(GOAL OF THE EXERCISE):
Set down, exactly as written, the lines from the line holding "spotlight, satellite, auto, oldtimer, trabi, ddr, east" to the end of the data, inclusive, skipping any pictures.

(AVAILABLE RECORDS):
====
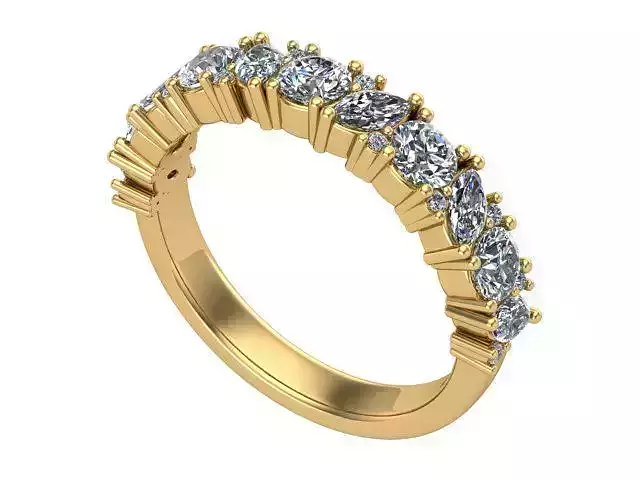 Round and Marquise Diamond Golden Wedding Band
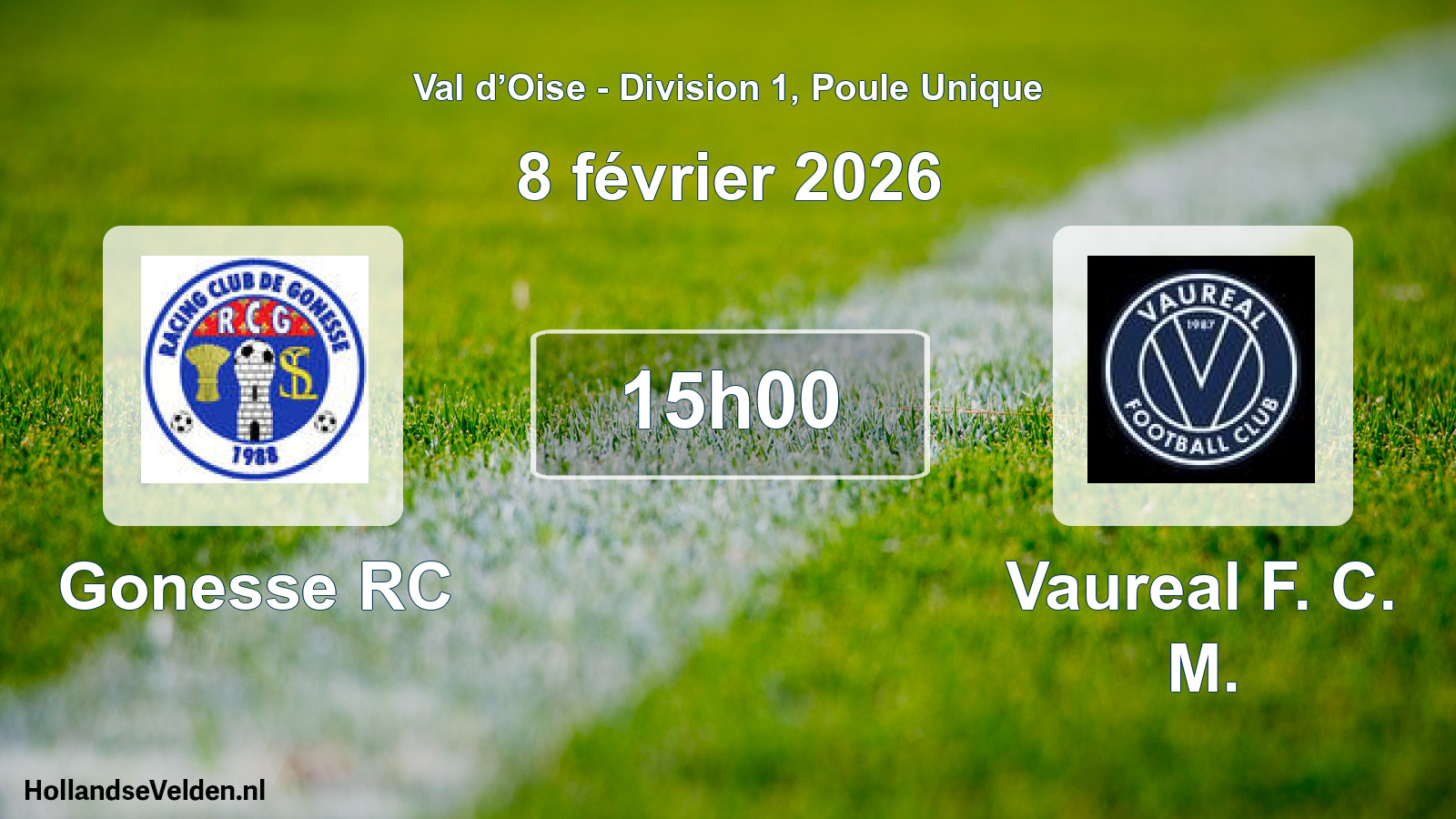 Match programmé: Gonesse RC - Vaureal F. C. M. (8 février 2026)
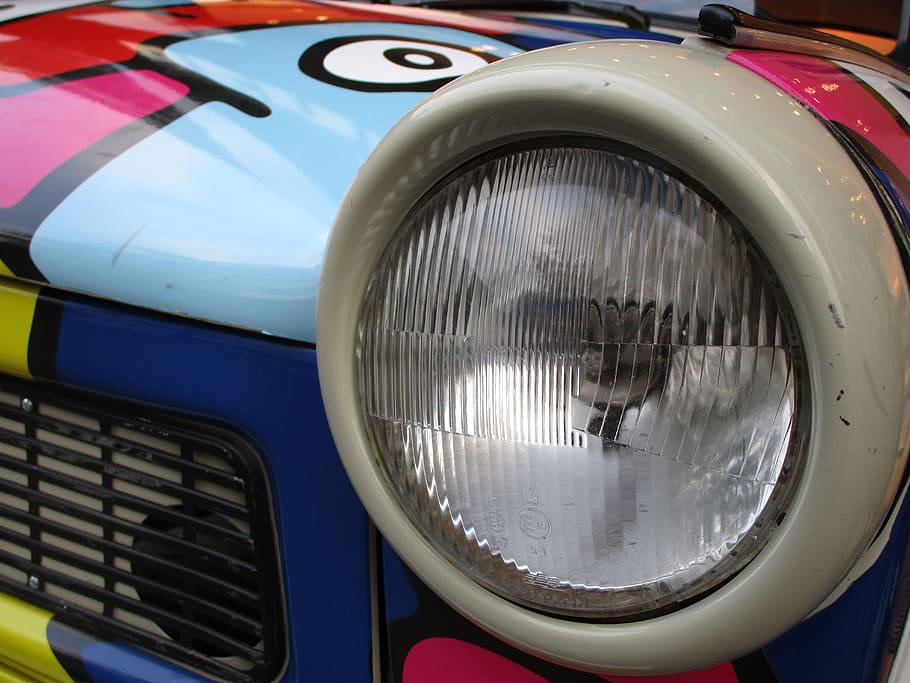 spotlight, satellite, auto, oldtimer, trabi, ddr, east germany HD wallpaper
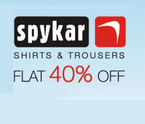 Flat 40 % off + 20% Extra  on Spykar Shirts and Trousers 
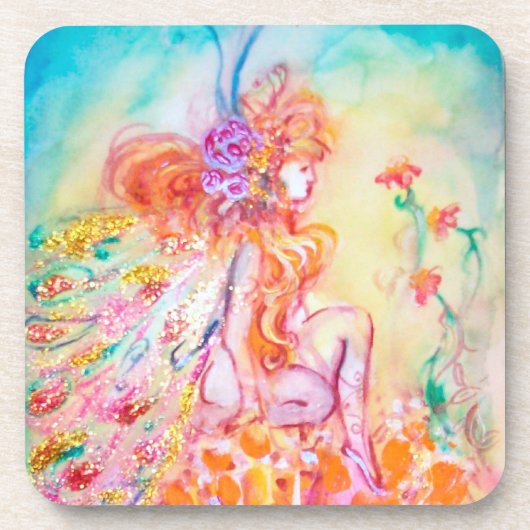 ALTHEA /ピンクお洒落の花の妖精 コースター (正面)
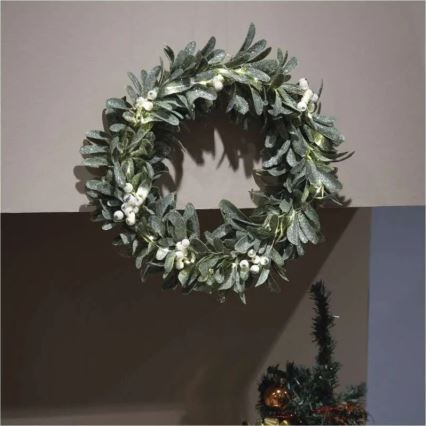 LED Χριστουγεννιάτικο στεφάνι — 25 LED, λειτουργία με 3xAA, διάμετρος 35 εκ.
====
(EXERCISE OUTPUT):
 spotlight, satellite, auto, oldtimer, trabi, ddr, east germany HD wallpaper
 Flat 40 % off + 20% Extra  on Spykar Shirts and Trousers 
 ALTHEA /ピンクお洒落の花の妖精 コースター (正面)
 LED Χριστουγεννιάτικο στεφάνι — 25 LED, λειτουργία με 3xAA, διάμετρος 35 εκ.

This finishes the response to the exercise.